13C(1)This paragraph applies in any case where, as a result of any scheme or arrangement,—
(a)the amount paid by a person in respect of his acquisition of a corporate strip is or was more than the market value of the corporate strip at the time of that acquisition,
(b)the amount payable to a person on a transfer of a corporate strip by him is less than the market value of the corporate strip at the time of the transfer, or
(c)on redemption of a corporate strip, the amount payable to a person, as the person holding the corporate strip, is less than the market value of the corporate strip on the day before redemption,
and the obtaining of a tax advantage by any person is the main benefit, or one of the main benefits, that might have been expected to accrue from, or from any provision of, the scheme or arrangement.
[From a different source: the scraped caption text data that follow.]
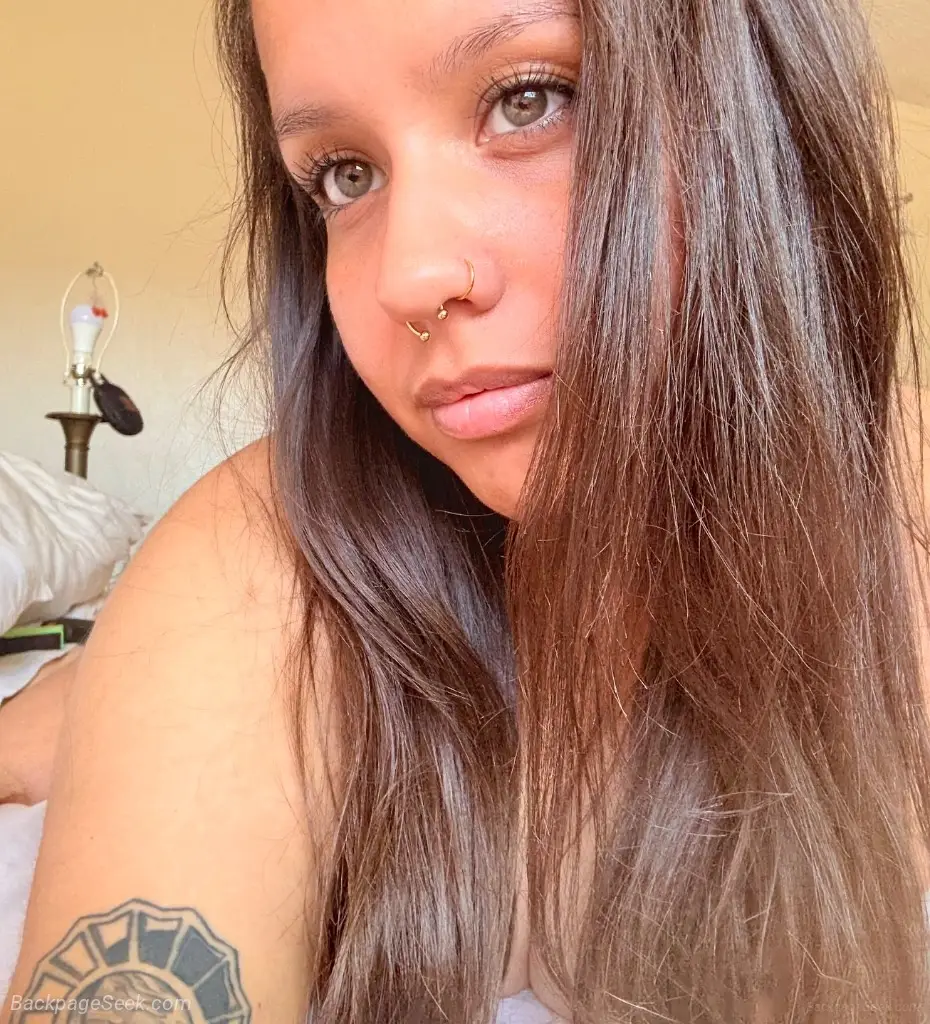 INCALL NORTH HILLSSFVLA SGV WET AND READY in San Fernando Valley – Women Seeking Men photo 3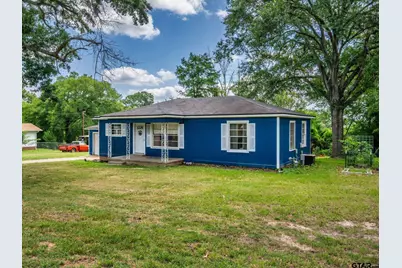 110 Starnes, Winona, TX 75792 - Photo 2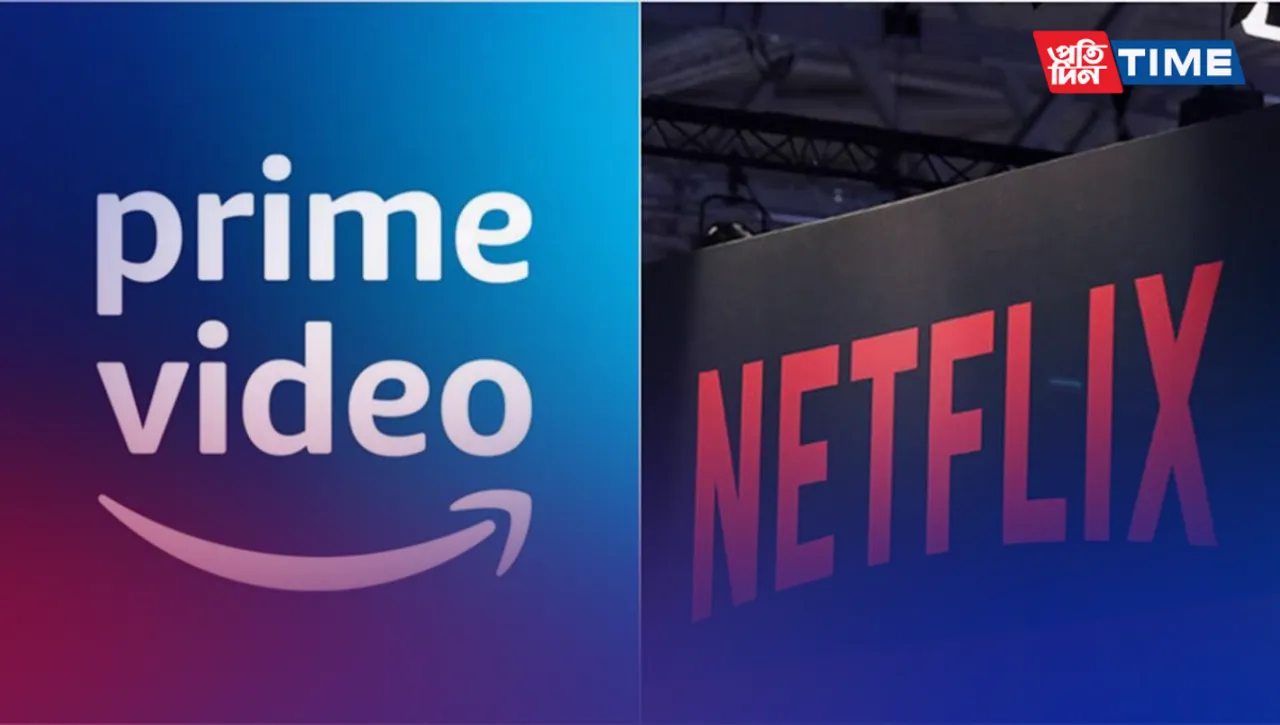 How to Access OTT Subscriptions for Free in 2023: A Comprehensive Guide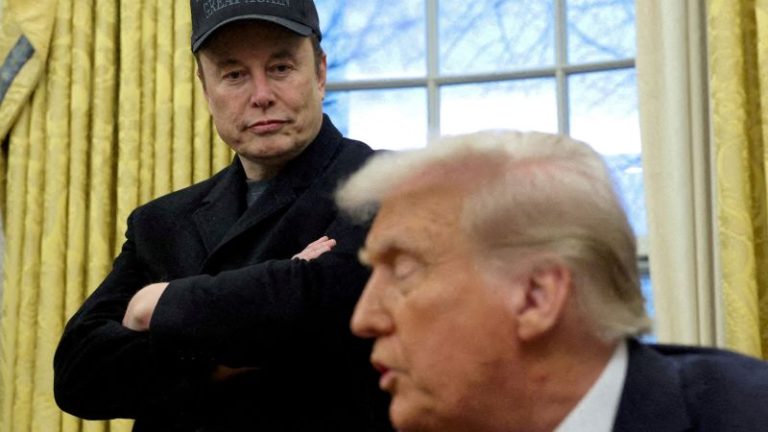 2025 05 21t215543z 136279732 Rc2jscaiqx9a Rtrmadp 3 Usa Trump Layoffs Lawsui.jpg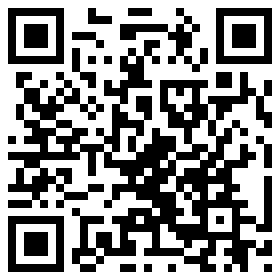 qrcode für Finder 403182400000 Steck- und Printrelais 1W 10A 240VAC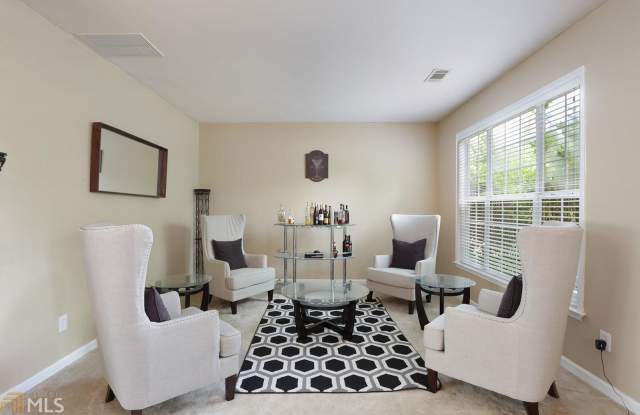 4550 Buckskin Way Gallery 2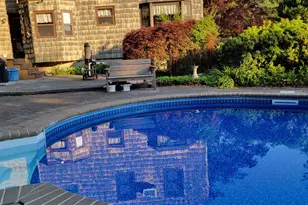 17 Gull Dip Rd, Ridge, NY 11961 - Photo 5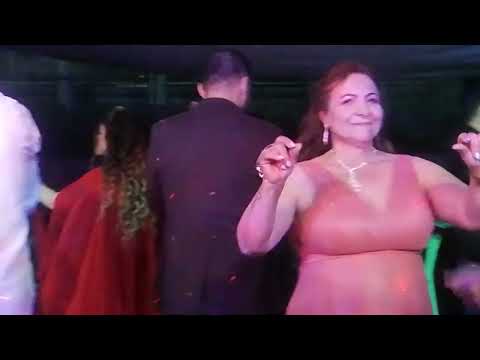 Su sızıyor AKŞEHİR  düğünleri İrem samur & Burak sayğılı çiftinin düğünü kına gecesi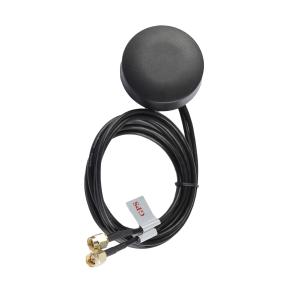 KH-G4-4616-1M商品缩略图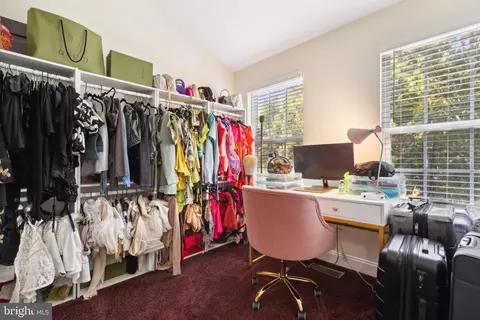4809 Potomac Highlands Cir, Triangle, VA 22172 photo 17
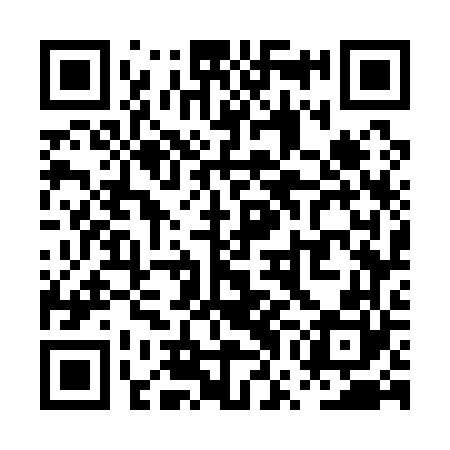 QR code for PWG160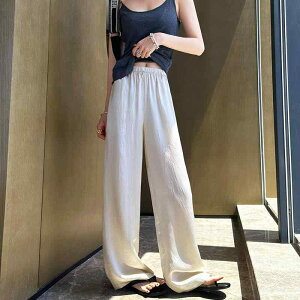 ꂢ Xgb`  i` ChbO@pc@fB[X  AZe[g Te 2025  ⊴ nCEGXg h[v  Ăh~ Xg[g Ch bO pc 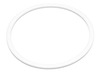 Gasket – Part Number: 990076100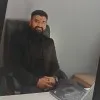 AMIT JHA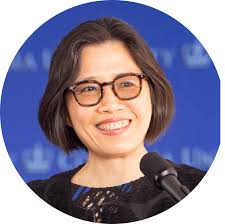 Voices of Hybrid & Online Teaching and Learning: Submissions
(2)In a case falling within sub-paragraph (1)(a) above, the person shall be treated for the purposes of paragraph 1(2)(b) above on a transfer of the corporate strip by him as if he had paid in respect of his acquisition of the corporate strip an amount equal to the market value of the corporate strip at the time of that acquisition.
(3)In a case falling within sub-paragraph (1)(b) above, the person shall be treated for the purposes of paragraph 1(2)(b) above as if the amount payable to him on the transfer were an amount equal to the market value of the corporate strip at the time of the transfer.
(4)In a case falling within sub-paragraph (1)(c) above, the person shall be treated for the purposes of paragraph 1(2)(b) above as if the amount payable to him on redemption were an amount equal to the market value of the corporate strip on the day before redemption.
(5)The market value of a corporate strip at any time shall be determined for the purposes of this paragraph without regard to any increase or diminution in the value of the corporate strip as a result of the scheme or arrangement mentioned in sub-paragraph (1) above.
(6)For the purposes of this paragraph, no account shall be taken of any costs incurred in connection with any transfer or redemption of a corporate strip or its acquisition.
(7)In this paragraph “tax advantage” has the meaning given by section 709(1) of the Taxes Act 1988.
13D(1)Where—
(a)as a result of any scheme or arrangement which has an unallowable purpose, the circumstances are, or might have been, as mentioned in paragraph (a), (b) or (c) of paragraph 13C(1) above,
(b)under the scheme or arrangement, a payment falls to be made otherwise than in respect of the acquisition or disposal of a corporate strip, and
(c)as a result of that payment or the circumstances in which it is made, a loss accrues to any person for the purposes of capital gains tax,
the loss shall not be an allowable loss for the purposes of capital gains tax.
(2)For the purposes of this paragraph, a scheme or arrangement has an unallowable purpose if the main benefit, or one of the main benefits, that might have been expected to result from, or from any provision of, the scheme or arrangement (apart from paragraph 13C above and this paragraph) is—
(a)the obtaining of a tax advantage by any person, or
(b)the accrual to any person of an allowable loss for the purposes of capital gains tax.
(3)In this paragraph “tax advantage” has the meaning given by section 709(1) of the Taxes Act 1988.”.
(6)In paragraph 15(1) (general interpretation) insert each of the following definitions at the appropriate place—
““corporate strip” has the meaning given by paragraph 13A above;”;
““interest-bearing corporate security” means any interest-bearing security other than—
(a)a security issued by the government of a territory;
(b)a share in a company;”;
““interest-bearing security” includes any loan stock or similar security;”.
(7)In paragraph 15(1)—
(a)in the definition of “relevant discounted security”, after “paragraphs 3” insert “ , 13B(1) ”;
(b)in the definition of “strip”, after “ “strip”” insert “ , except in the expression “corporate strip”, ”.
(8)The amendments made by this paragraph have effect in any case where a person acquires a corporate strip on or after 2nd December 2004 otherwise than in pursuance of an agreement entered into before that date.